◆ **Exercise description**
Output must match the data below exactly from its first line through the line that contains "dog-mom-matching-hoodie.jpg", with no other line.

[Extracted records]
• • • •

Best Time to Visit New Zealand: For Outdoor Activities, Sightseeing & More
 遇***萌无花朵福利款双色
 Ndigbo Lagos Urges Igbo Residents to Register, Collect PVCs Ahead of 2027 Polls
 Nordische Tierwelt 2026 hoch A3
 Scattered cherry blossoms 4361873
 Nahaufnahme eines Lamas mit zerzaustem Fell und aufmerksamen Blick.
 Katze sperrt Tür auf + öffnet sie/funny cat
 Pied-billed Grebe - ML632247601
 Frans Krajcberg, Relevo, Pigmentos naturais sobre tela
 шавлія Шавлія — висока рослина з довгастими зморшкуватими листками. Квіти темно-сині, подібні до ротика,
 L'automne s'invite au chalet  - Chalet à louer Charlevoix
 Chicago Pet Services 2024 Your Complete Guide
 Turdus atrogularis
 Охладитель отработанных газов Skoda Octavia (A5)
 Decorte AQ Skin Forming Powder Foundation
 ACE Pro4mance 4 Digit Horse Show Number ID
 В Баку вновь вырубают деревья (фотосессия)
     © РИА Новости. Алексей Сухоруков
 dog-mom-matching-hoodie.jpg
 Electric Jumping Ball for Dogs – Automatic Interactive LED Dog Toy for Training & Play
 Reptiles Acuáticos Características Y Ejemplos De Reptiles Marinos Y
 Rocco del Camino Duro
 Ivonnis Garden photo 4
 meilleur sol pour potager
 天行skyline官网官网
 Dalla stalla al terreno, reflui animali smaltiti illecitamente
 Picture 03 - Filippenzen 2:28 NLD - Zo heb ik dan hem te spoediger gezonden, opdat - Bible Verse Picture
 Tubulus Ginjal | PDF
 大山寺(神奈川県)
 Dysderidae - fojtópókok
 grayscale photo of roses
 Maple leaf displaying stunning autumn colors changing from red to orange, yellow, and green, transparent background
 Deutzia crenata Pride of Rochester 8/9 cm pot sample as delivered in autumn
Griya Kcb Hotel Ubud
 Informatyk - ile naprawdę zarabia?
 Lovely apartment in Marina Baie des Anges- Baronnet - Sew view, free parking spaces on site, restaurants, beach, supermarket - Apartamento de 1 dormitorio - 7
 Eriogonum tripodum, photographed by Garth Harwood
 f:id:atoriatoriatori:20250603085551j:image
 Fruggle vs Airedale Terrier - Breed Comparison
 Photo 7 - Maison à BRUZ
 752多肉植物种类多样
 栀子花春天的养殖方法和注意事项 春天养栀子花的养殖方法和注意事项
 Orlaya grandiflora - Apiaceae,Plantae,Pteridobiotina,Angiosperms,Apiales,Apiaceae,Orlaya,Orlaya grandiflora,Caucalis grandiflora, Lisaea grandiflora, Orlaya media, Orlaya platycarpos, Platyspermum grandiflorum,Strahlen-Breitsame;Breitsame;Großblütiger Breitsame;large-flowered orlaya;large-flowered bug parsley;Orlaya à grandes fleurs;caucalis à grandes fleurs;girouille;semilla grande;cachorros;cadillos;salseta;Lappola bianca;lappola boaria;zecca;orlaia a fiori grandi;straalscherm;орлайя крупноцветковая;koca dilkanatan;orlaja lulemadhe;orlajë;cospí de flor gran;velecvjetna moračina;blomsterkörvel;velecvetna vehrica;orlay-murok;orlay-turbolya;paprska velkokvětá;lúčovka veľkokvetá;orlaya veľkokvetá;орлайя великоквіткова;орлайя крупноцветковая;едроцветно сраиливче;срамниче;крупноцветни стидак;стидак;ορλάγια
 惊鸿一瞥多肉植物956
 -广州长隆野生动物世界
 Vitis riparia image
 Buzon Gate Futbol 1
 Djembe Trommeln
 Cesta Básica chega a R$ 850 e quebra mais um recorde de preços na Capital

• • • •

◆ **Written answer**
Best Time to Visit New Zealand: For Outdoor Activities, Sightseeing & More
 遇***萌无花朵福利款双色
 Ndigbo Lagos Urges Igbo Residents to Register, Collect PVCs Ahead of 2027 Polls
 Nordische Tierwelt 2026 hoch A3
 Scattered cherry blossoms 4361873
 Nahaufnahme eines Lamas mit zerzaustem Fell und aufmerksamen Blick.
 Katze sperrt Tür auf + öffnet sie/funny cat
 Pied-billed Grebe - ML632247601
 Frans Krajcberg, Relevo, Pigmentos naturais sobre tela
 шавлія Шавлія — висока рослина з довгастими зморшкуватими листками. Квіти темно-сині, подібні до ротика,
 L'automne s'invite au chalet  - Chalet à louer Charlevoix
 Chicago Pet Services 2024 Your Complete Guide
 Turdus atrogularis
 Охладитель отработанных газов Skoda Octavia (A5)
 Decorte AQ Skin Forming Powder Foundation
 ACE Pro4mance 4 Digit Horse Show Number ID
 В Баку вновь вырубают деревья (фотосессия)
     © РИА Новости. Алексей Сухоруков
 dog-mom-matching-hoodie.jpg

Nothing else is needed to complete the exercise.